I have the spiritual gift of packing. It might not be listed in the book of Corinthians – but I am sure it is a legit spiritual gift. Joking aside, moving 9 times in the last 14 years might have something to do with my ability to pack up a house. Moving across town, in 4 different states and 4 international moves – we have done it all.
Even with all of my packing experience this move still does seem a bit overwhelming. With each additional child it seems to get a bit harder…Or that is what I want to say. But honestly, for our last move I used the “rake it into a box” method and got rid of NOTHING. I am paying for that now. I distinctively remember putting a box of half used wrapping paper bits into the moving van. I knew that was nuts. A dear friend who was helping me pack even called me out on the silliness – but I stubbornly held on to bits of paper. I am not really sure why.
There is nothing like a good international move to help me simplify my life and really evaluate my treasures. Seriously do I need this many pairs of shoes? Where did all of these books come from? If it is called a junk drawer then I probably don’t need anything that is in it.
Crazy how stuff can creep in and take over areas of my heart that they have no business owning.
So I am not just packing. I am getting my heart in order.
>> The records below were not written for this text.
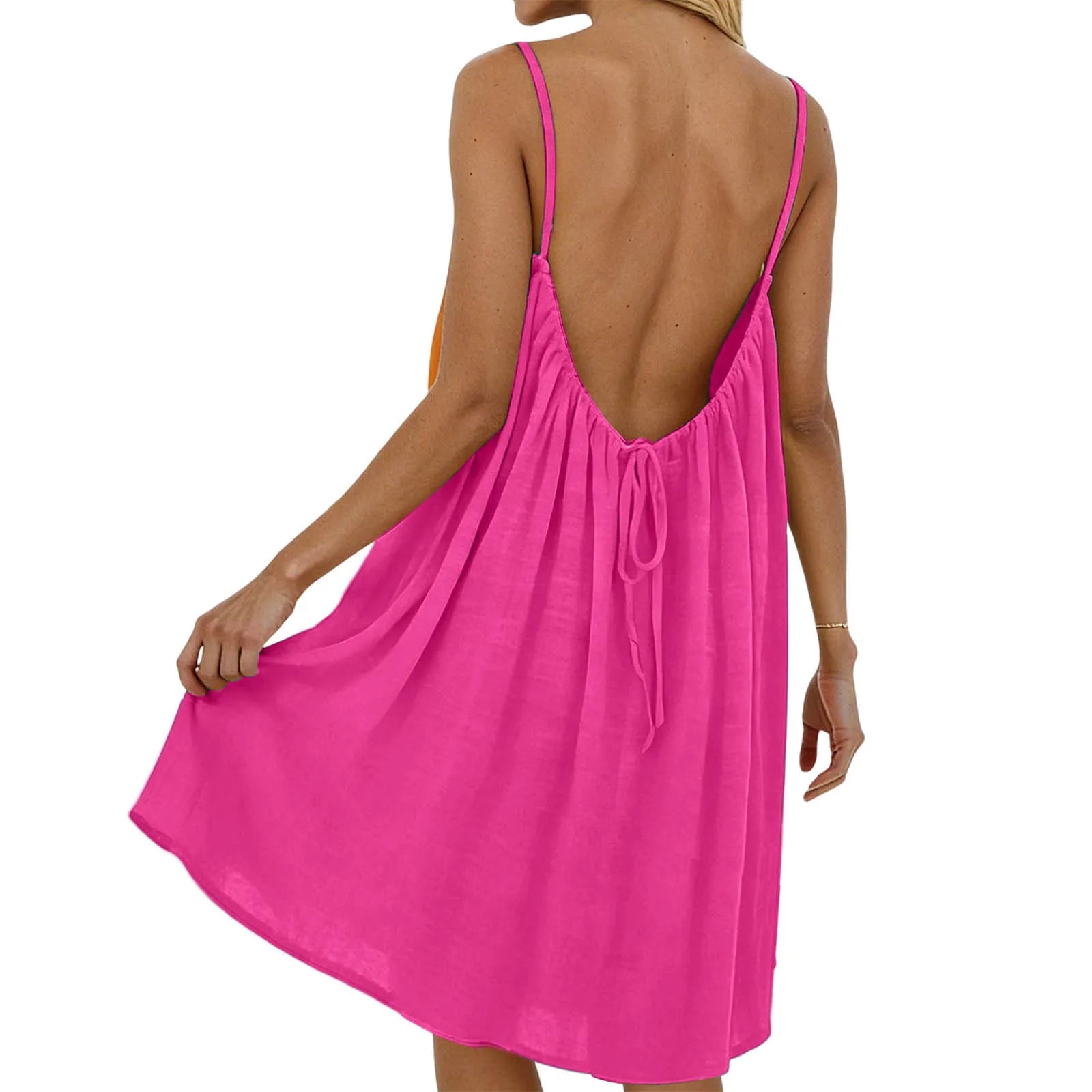 Robe Courte Dos Nu pour Femme — Mini Robe de Plage Casual Été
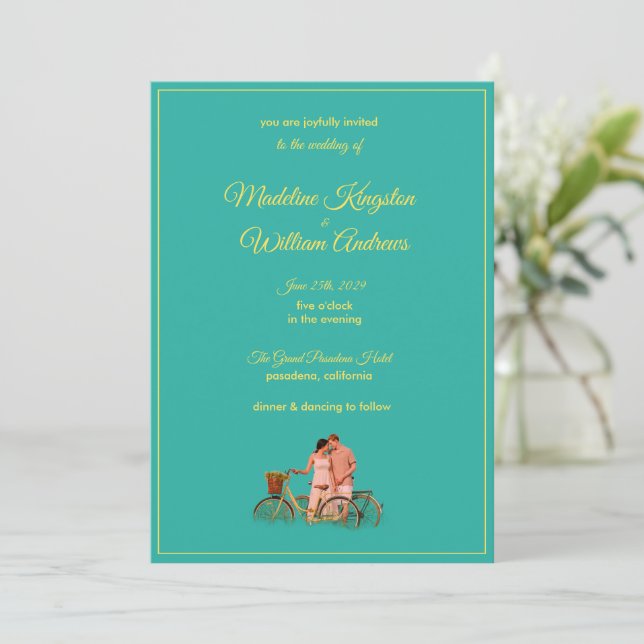 Invitación de boda con foto retro kitsch original (Anverso de pie)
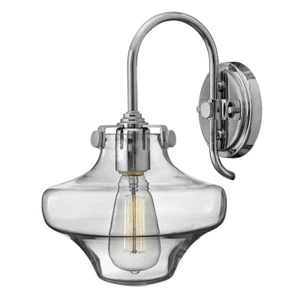 Lampada Parete Vetro Acciaio Cromo H 33 CM da Corridoio 1 Fiamma Stile Vintage - Foto 1 di 1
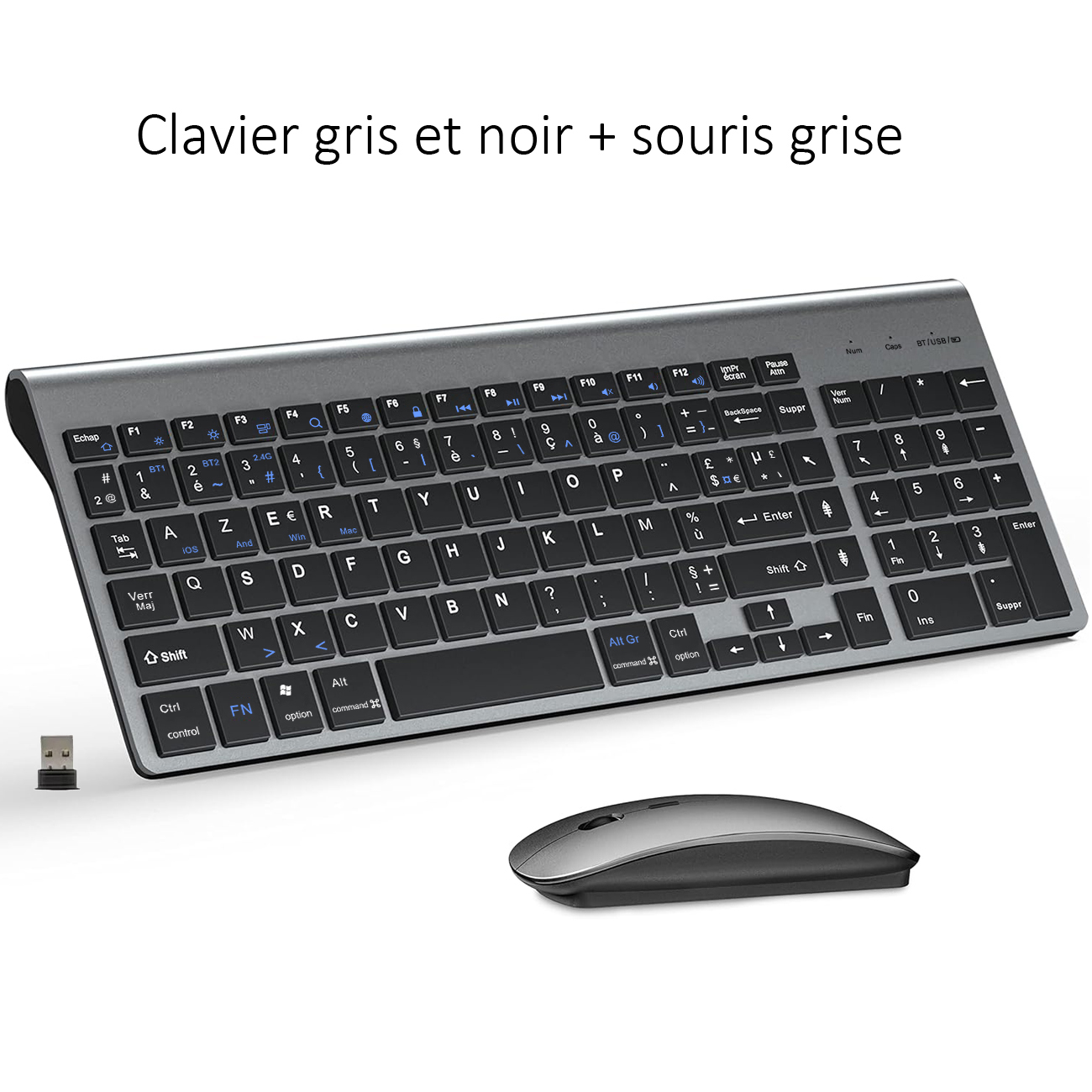 AZERTY-Layout, französische, ultraschlanke Dual-Modus-Bluetooth-Tastatur- und Maus-Kombination mit drei Kanälen für PC, Laptop, Windows, iOS, Mac und Android: Black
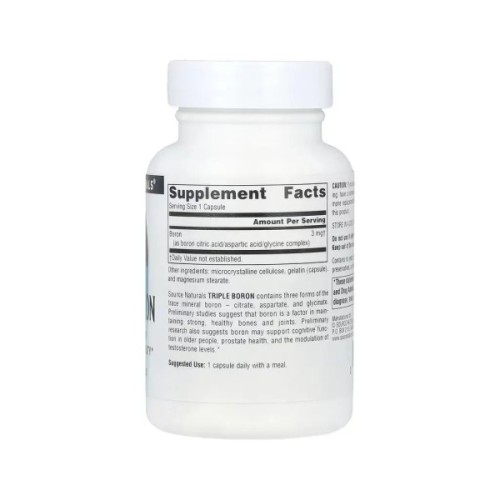 Мінерали Source Naturals Бор потрійний, 3 мг, Triple Boron, 100 капсул (SNS-01913)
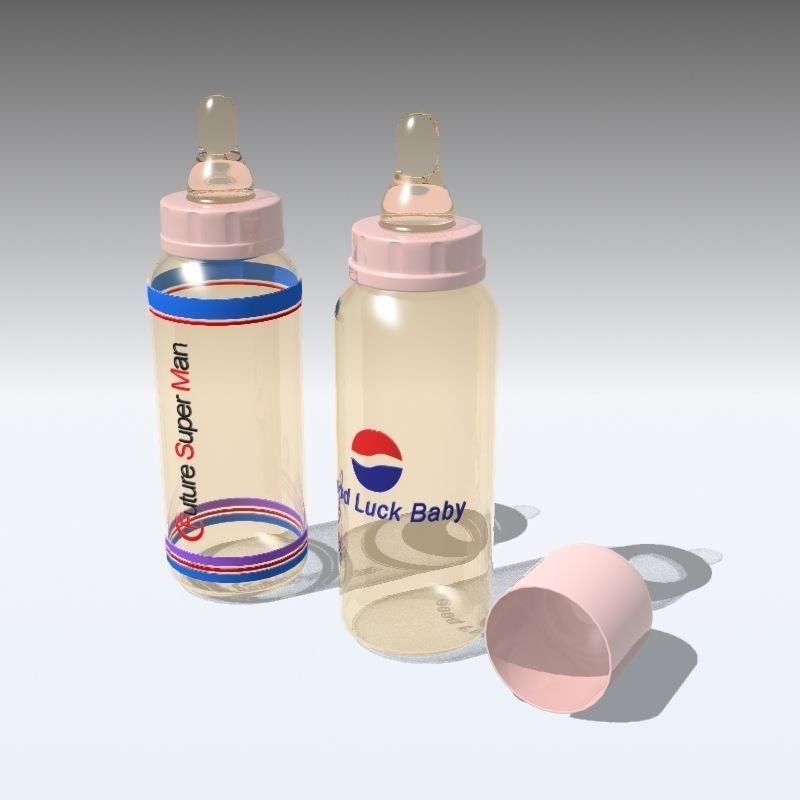 Baby Bottle 02 Low-poly 3D model_1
I am cleaning out what doesn’t belong so that there is room to do something meaningful. As I put my hand to the task, I have four Littles watching. We all are fitting our lives into 12 suitcases – but we are reminded that even with that amount of belongs we are better off than 90% of the world. Humbling.
Now, don’t go painting me as some holy saint. I was just eating a bag of chips with nacho dip (comfort food) as I decided what shirts to purge from my closet. I haven’t figured this whole thing out yet, but one step box at a time I am getting there.
I really don’t want to be thought of as a person with a gift for packing. Instead I am asking Father to help me to have the spiritual discipline of living simply and trusting only in Him.